Хотелось бы снять с Диккенса обвинения в антисемитизме, но, увы, это невозможно. Своего Феджина он снабдил всеми атрибутами карикатурного еврея: нос с горбинкой, лицемерие во всём, — и эпитетами, по поводу которых нечего добавить, например, «отталкивающий» или «отвратительный». Самое большее, можно утверждать, что этот антисемитизм не основан на животной ненависти и что Диккенс здесь лишь бессознательно следует распространенному предрассудку. Но дело было сделано: мы увидим, что позднее писатель попытается загладить свою вину.
Помимо губительного воздействия на сотни тысяч читателей, которые отныне воспринимали романы Диккенса как новое Писание, заряд антисемитизма повредил даже самому роману. Экранизация Романа Полански (2005), которая не может сравниться по эстетическому совершенству с версией Дэвида Лина (1948), умно показывает, какими могли бы быть «Приключения Оливера Твиста», если избавить их от налета расизма. Опираясь на несколько деталей, рассыпанных по всему тексту романа, режиссер делает Феджина более человечным, в некотором роде спасает его, возможно, доводя до логического завершения скрытый замысел романиста. Не будь этого диккенсовского антисемитизма, мыканье Оливера Твиста между мистером Браунлоу, приютившим его стариком, светлым образом «доброго отца», и Феджином — «дурным отцом», наверное, наполнилось бы почти психоаналитической сложностью.
«Приключения Оливера Твиста» и сегодня остаются самым известным и популярным романом Диккенса, по которому было снято множество фильмов, мультфильмов, сделаны комиксы и адаптированные детские книжки.
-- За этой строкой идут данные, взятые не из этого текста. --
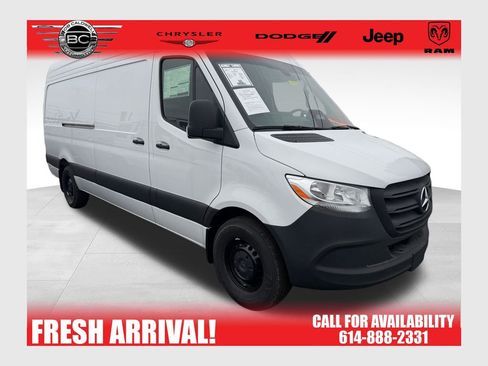 Used 2025 Mercedes-Benz Sprinter 2500 image 1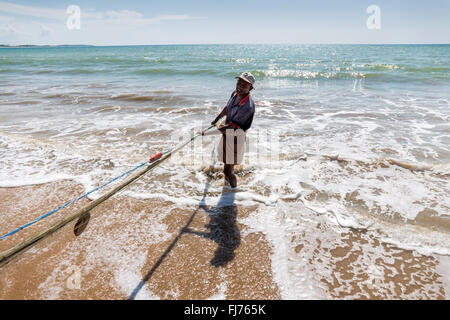 Fischer ziehen das Netz aus dem Meer, Tangalle, Sri Lanka, Asien Stockfoto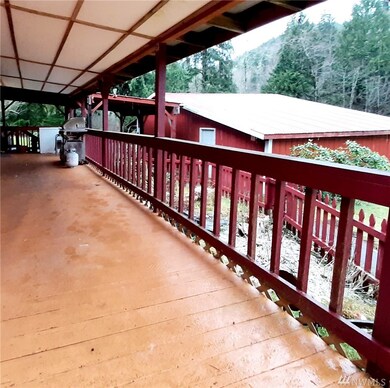 423 Pigeon Springs Rd, Onalaska, WA 98570 - photo 7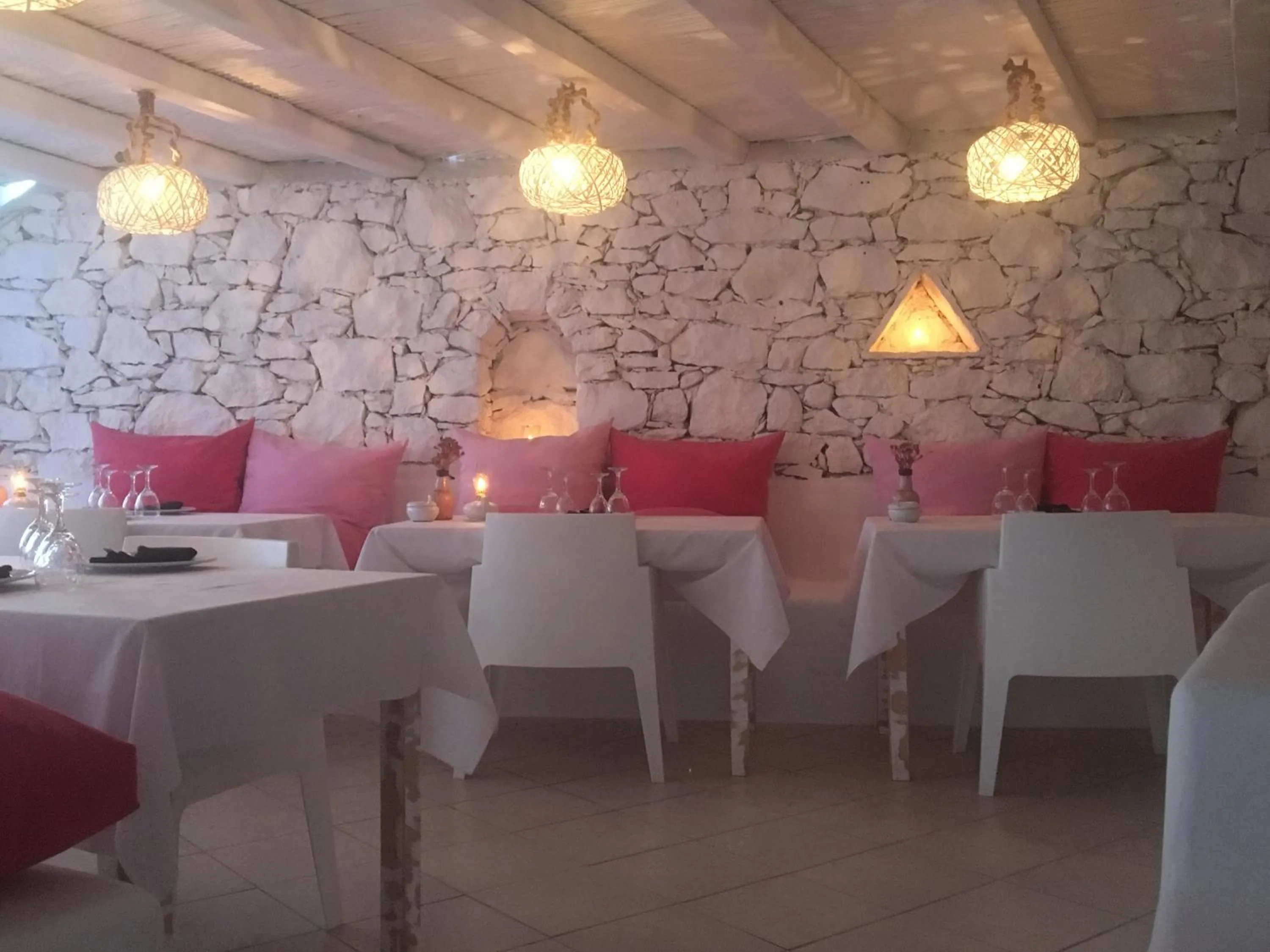 Restaurant/places to eat in Apsenti couples only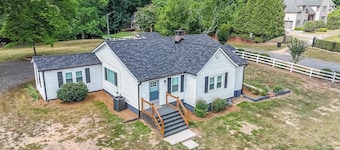 Kennesaw Cottage – Quiet Retreat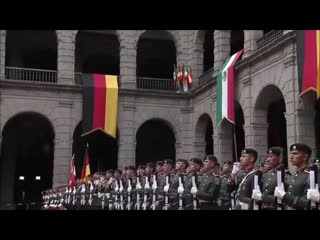 Merkel krank zitteranfälle häufen sich! gestern 2017 mexico und trump war böse!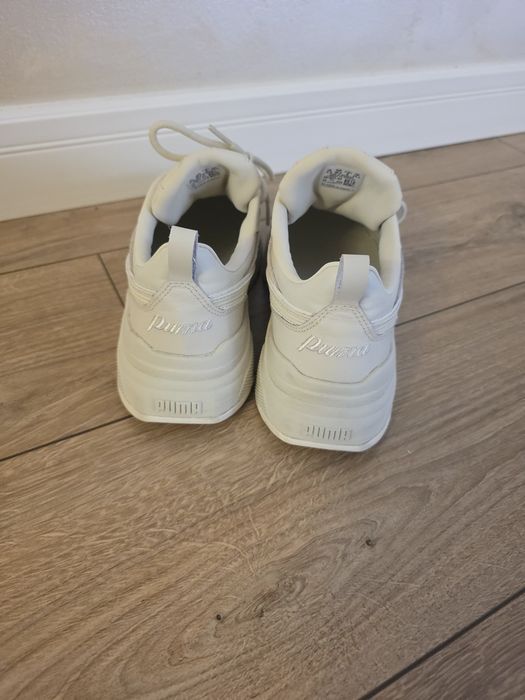 Adidasi Puma 38.5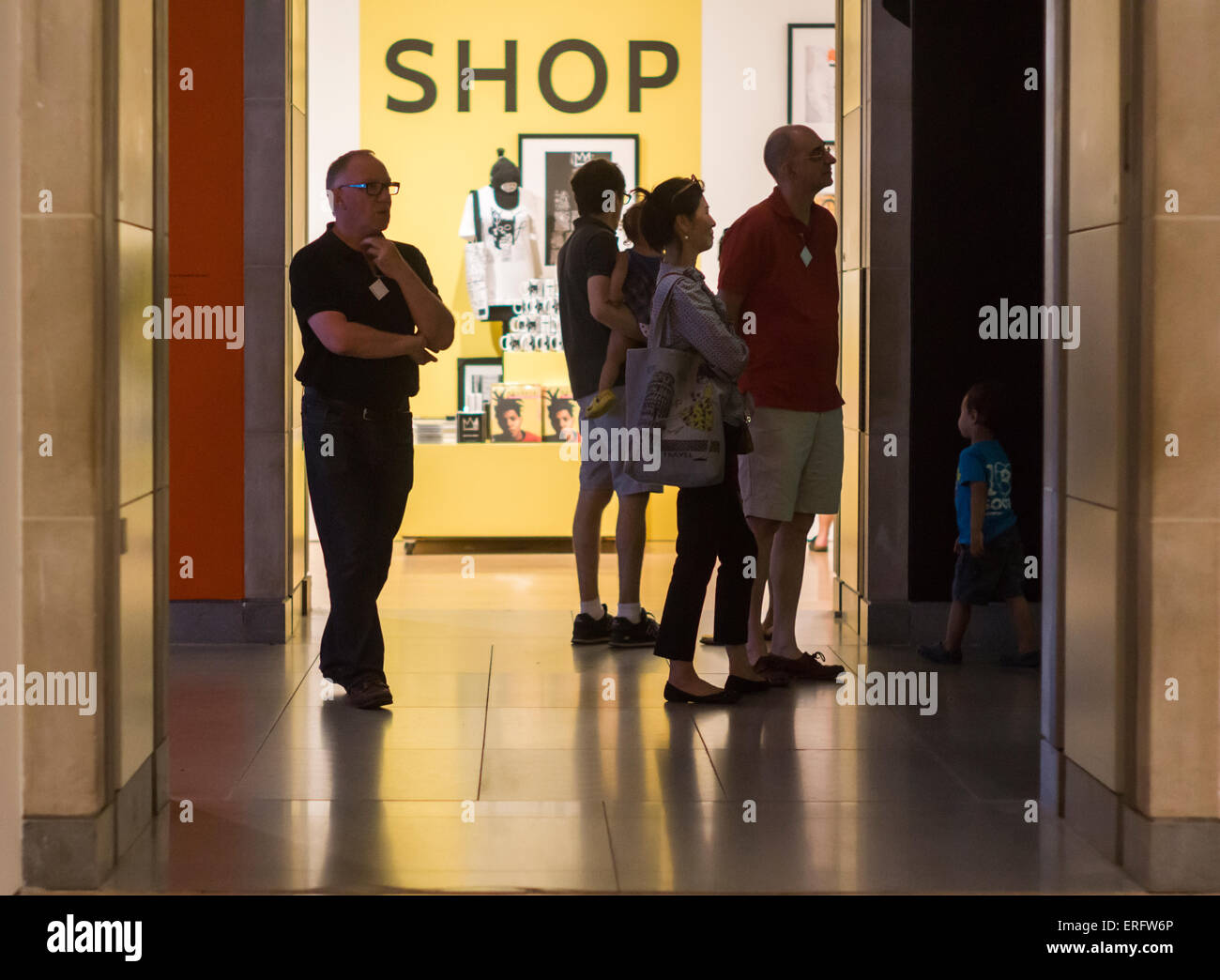 Besucher in das Brooklyn Museum in New York außerhalb ihrer Basquiat Geschenk-Shop auf Sonntag, 31. Mai 2015. (© Richard B. Levine) Stockfoto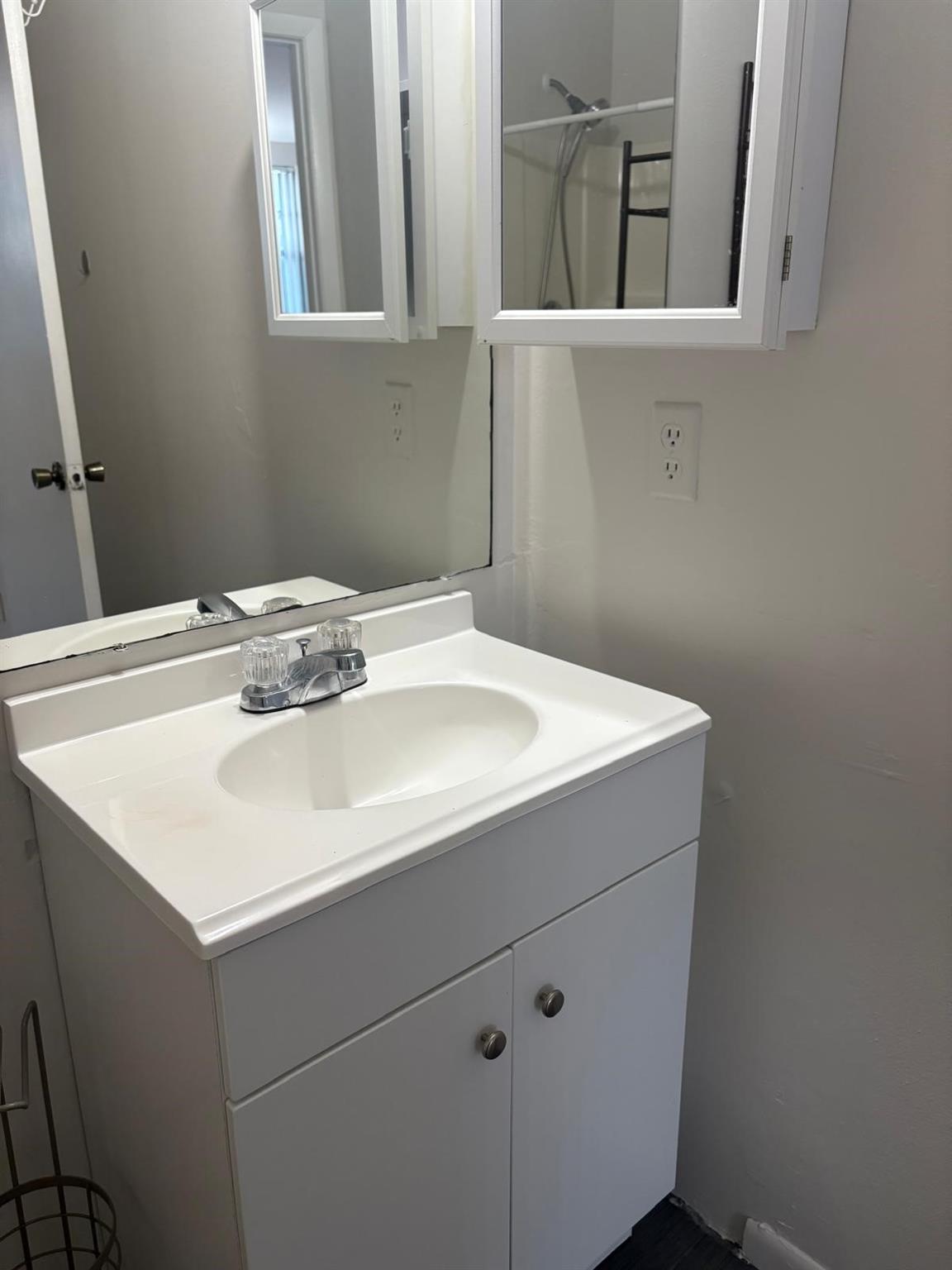 COUNTRY PARK CONDO - Residential Lease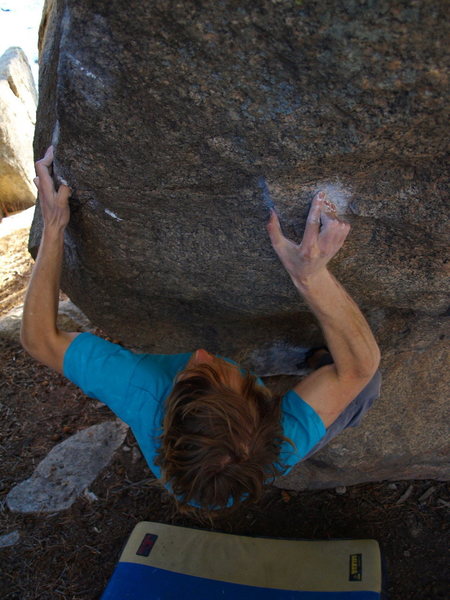 ander rockstad on the sit start. the bottom part of this climb resembles an easier, mirror-image version of sharma's "the proposal" in squamish, in my mind.
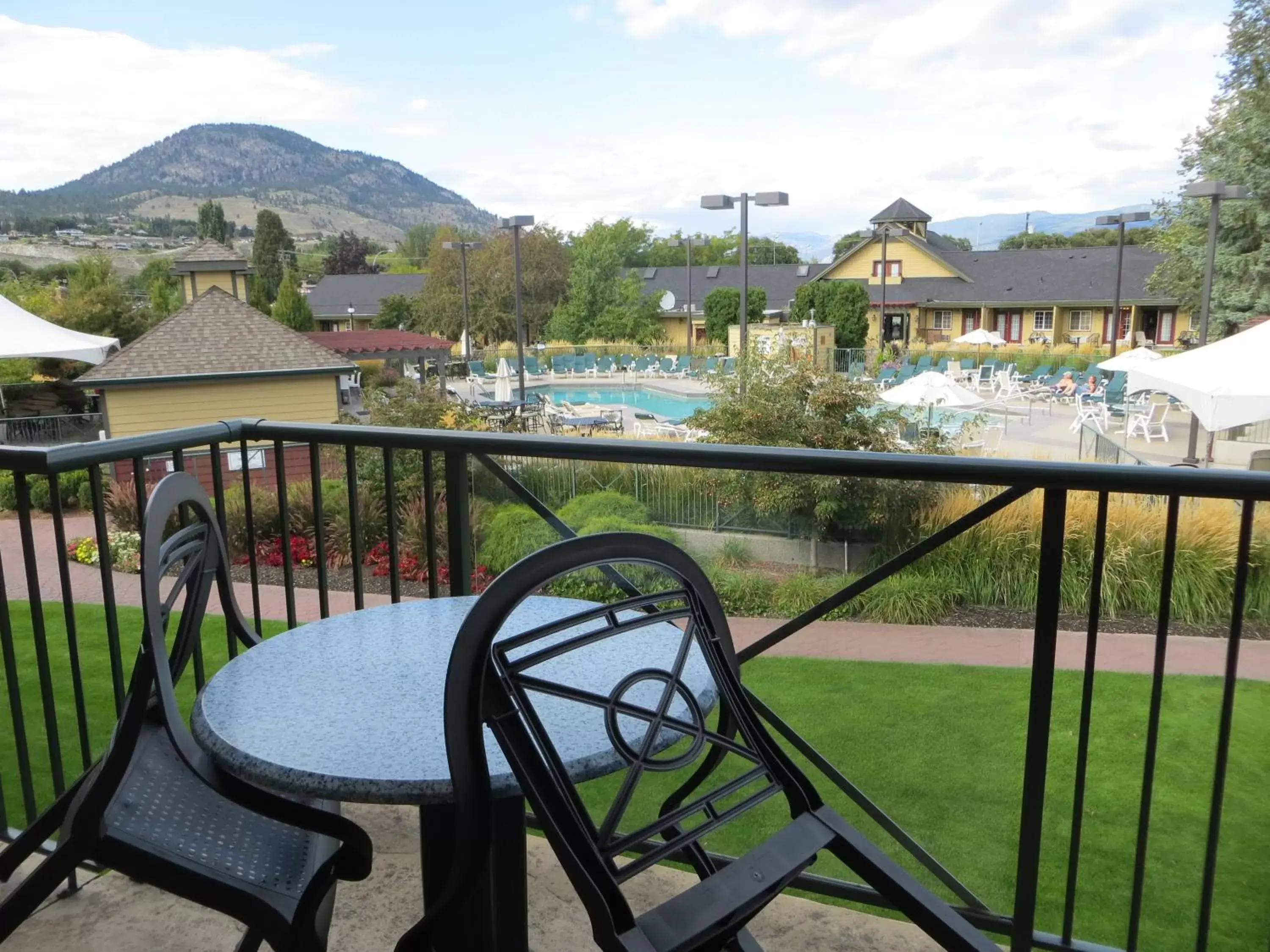 Balcony/Terrace in Ramada by Wyndham Penticton Hotel & Suites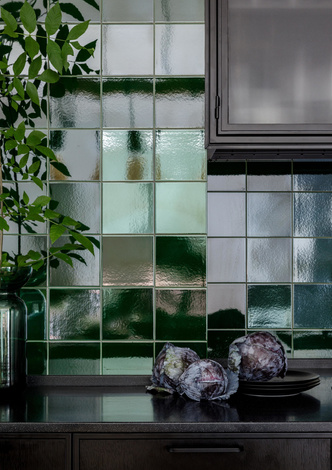 Маленькая студия с тремя панорамными окнами в Москве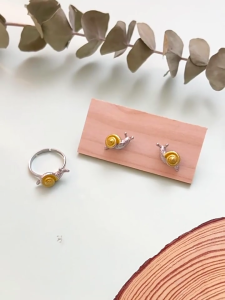 Two Tone Snail Ear Studs/Ring Stylish Insect Shape Accessories Women Ornament Fashionable for Daily Wear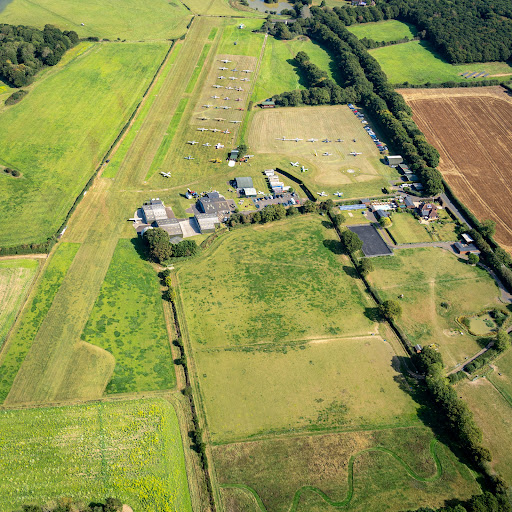 Deanland Airfield EGKL - Thumbnail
В некотором смысле эта популярность почти досадна, поскольку она затмевает само произведение — по крайней мере за пределами англосаксонского мира. В этой книге нет ни юмора «Пиквика», ни психологической остроты «Копперфилда» или «Больших надежд», ни глубины серьезных социальных романов вроде «Холодного дома» или «Крошки Доррит»; из-за того, что главный герой — маленький мальчик, утвердился шаблон, будто Диккенс писал «для детей». Но впервые «серьезный» писатель выставлял на свет самые грубые и мерзкие аспекты жизни обездоленных классов, до сих пор оттертые на задворки «желтой прессы»: он храбро выводил на сцену проститутку с щедрым сердцем — Нэнси и Билла Сайкса — убийцу, одуревшего от спиртного и нищеты. И ясно, хотя и целомудренно, показывал, как один убивает другую. Эти мелодраматические эпизоды, которые сегодня могут вызвать раздражение у читателя, покорили тогдашнюю публику, поскольку автор ткнул пальцем в гноящиеся раны на теле британского общества.